▸ Problem
Please write out the listing beneath this sentence exactly, from its first line to the line with "constanceflame Naken OnlyFans", and stop there.

Start of Block

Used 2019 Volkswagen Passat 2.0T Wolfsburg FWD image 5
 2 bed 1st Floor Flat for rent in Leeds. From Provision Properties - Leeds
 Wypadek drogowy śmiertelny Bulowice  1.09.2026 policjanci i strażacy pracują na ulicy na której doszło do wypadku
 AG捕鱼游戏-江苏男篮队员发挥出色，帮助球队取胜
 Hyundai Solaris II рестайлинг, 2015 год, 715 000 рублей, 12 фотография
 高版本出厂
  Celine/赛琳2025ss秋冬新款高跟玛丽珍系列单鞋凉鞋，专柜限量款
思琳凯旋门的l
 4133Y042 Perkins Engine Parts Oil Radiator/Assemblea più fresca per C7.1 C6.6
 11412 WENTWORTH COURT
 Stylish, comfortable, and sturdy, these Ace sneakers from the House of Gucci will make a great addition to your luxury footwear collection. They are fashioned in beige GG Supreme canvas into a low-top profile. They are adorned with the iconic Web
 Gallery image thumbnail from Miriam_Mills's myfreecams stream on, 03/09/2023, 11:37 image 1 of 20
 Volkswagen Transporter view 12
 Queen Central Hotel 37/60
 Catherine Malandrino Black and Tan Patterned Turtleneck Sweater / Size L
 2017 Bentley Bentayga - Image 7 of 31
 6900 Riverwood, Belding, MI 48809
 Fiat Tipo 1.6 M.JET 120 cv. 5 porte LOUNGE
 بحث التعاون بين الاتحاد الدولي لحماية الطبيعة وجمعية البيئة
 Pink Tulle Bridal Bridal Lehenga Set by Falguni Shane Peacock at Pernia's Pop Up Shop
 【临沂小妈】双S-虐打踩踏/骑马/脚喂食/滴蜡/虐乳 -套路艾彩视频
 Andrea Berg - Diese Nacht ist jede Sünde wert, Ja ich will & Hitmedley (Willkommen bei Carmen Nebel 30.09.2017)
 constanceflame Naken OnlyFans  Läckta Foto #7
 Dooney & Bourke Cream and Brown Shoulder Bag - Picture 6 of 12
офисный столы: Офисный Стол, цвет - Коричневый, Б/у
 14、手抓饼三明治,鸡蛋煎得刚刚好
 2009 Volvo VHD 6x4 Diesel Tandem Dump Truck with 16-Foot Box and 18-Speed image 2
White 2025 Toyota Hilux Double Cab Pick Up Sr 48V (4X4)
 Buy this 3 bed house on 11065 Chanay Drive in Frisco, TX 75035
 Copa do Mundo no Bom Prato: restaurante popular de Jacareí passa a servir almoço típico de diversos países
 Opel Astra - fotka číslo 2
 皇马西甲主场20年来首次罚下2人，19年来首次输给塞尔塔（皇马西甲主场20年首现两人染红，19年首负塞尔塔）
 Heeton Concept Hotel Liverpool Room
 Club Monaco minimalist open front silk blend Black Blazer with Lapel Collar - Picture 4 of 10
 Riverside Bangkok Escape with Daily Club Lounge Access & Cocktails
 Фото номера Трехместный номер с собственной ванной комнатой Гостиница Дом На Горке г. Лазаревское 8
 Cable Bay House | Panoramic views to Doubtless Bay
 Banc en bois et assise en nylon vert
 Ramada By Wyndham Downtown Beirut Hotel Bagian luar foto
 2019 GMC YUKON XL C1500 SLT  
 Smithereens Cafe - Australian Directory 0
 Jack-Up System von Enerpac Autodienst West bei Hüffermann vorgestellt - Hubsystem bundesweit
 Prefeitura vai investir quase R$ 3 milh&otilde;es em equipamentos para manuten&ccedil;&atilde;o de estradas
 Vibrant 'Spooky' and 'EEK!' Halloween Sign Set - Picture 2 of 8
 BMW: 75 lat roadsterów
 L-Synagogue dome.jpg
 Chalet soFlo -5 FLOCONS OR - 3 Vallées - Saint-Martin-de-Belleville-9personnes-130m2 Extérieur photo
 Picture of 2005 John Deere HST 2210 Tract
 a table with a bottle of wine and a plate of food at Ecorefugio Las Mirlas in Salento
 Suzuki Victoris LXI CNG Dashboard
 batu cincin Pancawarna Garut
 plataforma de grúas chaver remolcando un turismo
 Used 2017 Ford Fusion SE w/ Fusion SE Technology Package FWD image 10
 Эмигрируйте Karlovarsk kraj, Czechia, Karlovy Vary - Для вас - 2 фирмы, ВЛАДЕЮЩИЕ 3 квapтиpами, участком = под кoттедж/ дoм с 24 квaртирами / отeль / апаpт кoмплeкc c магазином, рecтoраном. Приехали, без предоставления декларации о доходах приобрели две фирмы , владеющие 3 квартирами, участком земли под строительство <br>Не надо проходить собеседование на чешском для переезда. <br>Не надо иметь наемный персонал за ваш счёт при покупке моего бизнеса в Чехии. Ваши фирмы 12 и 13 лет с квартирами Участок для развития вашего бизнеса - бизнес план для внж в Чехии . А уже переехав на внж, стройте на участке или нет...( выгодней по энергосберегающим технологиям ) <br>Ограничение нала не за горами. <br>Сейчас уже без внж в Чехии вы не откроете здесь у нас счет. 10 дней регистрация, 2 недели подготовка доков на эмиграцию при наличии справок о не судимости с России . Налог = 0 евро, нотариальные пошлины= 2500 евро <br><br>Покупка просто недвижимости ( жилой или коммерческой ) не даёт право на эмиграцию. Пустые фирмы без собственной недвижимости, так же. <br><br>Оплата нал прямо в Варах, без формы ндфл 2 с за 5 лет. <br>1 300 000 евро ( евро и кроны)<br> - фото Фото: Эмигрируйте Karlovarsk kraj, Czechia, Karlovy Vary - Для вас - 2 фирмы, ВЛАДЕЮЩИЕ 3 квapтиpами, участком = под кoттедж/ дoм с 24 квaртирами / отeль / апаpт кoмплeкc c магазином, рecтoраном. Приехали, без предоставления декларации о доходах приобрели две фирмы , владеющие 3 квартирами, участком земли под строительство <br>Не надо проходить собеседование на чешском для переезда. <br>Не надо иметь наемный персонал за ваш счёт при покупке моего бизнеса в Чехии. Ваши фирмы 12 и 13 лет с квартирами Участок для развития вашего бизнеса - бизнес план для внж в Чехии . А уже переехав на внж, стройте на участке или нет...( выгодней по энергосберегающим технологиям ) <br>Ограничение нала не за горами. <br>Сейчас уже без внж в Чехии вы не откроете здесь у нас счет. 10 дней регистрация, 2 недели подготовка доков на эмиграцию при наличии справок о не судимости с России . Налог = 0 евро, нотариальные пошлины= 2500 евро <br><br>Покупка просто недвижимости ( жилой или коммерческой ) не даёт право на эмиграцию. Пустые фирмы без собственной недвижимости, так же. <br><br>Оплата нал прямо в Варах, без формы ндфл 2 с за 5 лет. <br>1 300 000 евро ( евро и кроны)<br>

End of Block

▸ Answer space
Used 2019 Volkswagen Passat 2.0T Wolfsburg FWD image 5
 2 bed 1st Floor Flat for rent in Leeds. From Provision Properties - Leeds
 Wypadek drogowy śmiertelny Bulowice  1.09.2026 policjanci i strażacy pracują na ulicy na której doszło do wypadku
 AG捕鱼游戏-江苏男篮队员发挥出色，帮助球队取胜
 Hyundai Solaris II рестайлинг, 2015 год, 715 000 рублей, 12 фотография
 高版本出厂
  Celine/赛琳2025ss秋冬新款高跟玛丽珍系列单鞋凉鞋，专柜限量款
思琳凯旋门的l
 4133Y042 Perkins Engine Parts Oil Radiator/Assemblea più fresca per C7.1 C6.6
 11412 WENTWORTH COURT
 Stylish, comfortable, and sturdy, these Ace sneakers from the House of Gucci will make a great addition to your luxury footwear collection. They are fashioned in beige GG Supreme canvas into a low-top profile. They are adorned with the iconic Web
 Gallery image thumbnail from Miriam_Mills's myfreecams stream on, 03/09/2023, 11:37 image 1 of 20
 Volkswagen Transporter view 12
 Queen Central Hotel 37/60
 Catherine Malandrino Black and Tan Patterned Turtleneck Sweater / Size L
 2017 Bentley Bentayga - Image 7 of 31
 6900 Riverwood, Belding, MI 48809
 Fiat Tipo 1.6 M.JET 120 cv. 5 porte LOUNGE
 بحث التعاون بين الاتحاد الدولي لحماية الطبيعة وجمعية البيئة
 Pink Tulle Bridal Bridal Lehenga Set by Falguni Shane Peacock at Pernia's Pop Up Shop
 【临沂小妈】双S-虐打踩踏/骑马/脚喂食/滴蜡/虐乳 -套路艾彩视频
 Andrea Berg - Diese Nacht ist jede Sünde wert, Ja ich will & Hitmedley (Willkommen bei Carmen Nebel 30.09.2017)
 constanceflame Naken OnlyFans  Läckta Foto #7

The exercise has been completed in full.